Il cambio di credo tattico in Italia è stato davvero repentino, quasi dal giorno alla notte, ed ha fatto sì che un’intera generazione di giocatori (quelli, diciamo, nati dal 90 al 97) si ritrovasse in mezzo a una rivoluzione: se da piccoli erano stati cresciuti secondo certi principi calcistici, improvvisamente questi non erano più validi, e dovevano essere sostituiti con altri. È normale che tutto ciò abbia generato in loro una certa confusione, testimoniata dai numerosi giocatori di questa fascia di età che sono venuti su rimanendo in mezzo, senza essere né carne né pesce (si pensi, per esempio, a Romagnoli, Bernardeschi, Rugani, Cristante, persino Immobile – che pure è un giocatore compiuto, ma che fatica molto nella squadra di Mancini, così come ha faticato a Siviglia e a Dortmund – e Florenzi, criminalmente tramutato in terzino perché mancante delle caratteristiche “spagnole” per stare in mezzo al campo).
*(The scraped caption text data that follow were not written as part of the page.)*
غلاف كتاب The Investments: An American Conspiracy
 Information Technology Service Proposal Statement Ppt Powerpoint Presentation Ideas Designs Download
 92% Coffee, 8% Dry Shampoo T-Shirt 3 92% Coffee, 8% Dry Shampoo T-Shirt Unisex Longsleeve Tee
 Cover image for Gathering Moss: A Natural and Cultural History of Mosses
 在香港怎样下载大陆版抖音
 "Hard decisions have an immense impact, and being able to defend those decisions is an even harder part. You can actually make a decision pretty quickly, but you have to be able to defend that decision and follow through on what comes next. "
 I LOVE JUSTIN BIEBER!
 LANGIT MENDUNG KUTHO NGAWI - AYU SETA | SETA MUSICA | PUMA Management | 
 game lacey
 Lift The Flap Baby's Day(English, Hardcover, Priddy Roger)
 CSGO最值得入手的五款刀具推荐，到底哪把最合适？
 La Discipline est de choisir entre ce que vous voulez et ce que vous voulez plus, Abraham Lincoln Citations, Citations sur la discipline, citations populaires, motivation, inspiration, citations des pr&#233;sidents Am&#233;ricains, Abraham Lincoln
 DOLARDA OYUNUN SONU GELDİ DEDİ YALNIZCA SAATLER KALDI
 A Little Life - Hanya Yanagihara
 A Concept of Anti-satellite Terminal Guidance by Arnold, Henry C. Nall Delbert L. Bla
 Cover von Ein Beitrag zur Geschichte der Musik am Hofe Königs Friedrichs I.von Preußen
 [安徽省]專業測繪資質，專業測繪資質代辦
Altro elemento di confusione è rappresentato dal fatto che la genetica (stavolta in senso letterale, e non metaforico) degli altri paesi che hanno optato per il “paradigma spagnolo” è cambiata, grazie all’inserimento di un massiccio numero di figli di immigrati che hanno variato le caratteristiche fisiche dei componenti delle selezioni nazionali; quella dell’Italia, a oggi, è invece rimasta sostanzialmente la stessa, e solo nei prossimi anni si potrà apprezzare una vera inversione di tendenza. Ne consegue che ci siamo improvvisamente messi a plasmare dei tipi di giocatori che non combaciano del tutto con il materiale genetico a nostra disposizione, che invece si è sempre dimostrato efficace nel produrre i profili che si è scelto di accantonare. Questo, insieme al ritardo nella preparazione dei nostri tecnici, che si sono rapidamente reinventati ma che, per forza di cose, hanno un gap importante con coloro che insegnano questi concetti da decenni, ha rappresentato, nell’opinione di chi scrive, uno dei motivi della scarsa competitività del calcio italiano dal 2006 a oggi (un’altra, forse la principale, è la drammatica involuzione del livello della Serie A, della quale parlerò magari in un altro post perché si è davvero fatta una certa ormai).

Bene, giunto a questo punto direi che posso fermarmi. Un saluto e una serena Pasqua a tutti.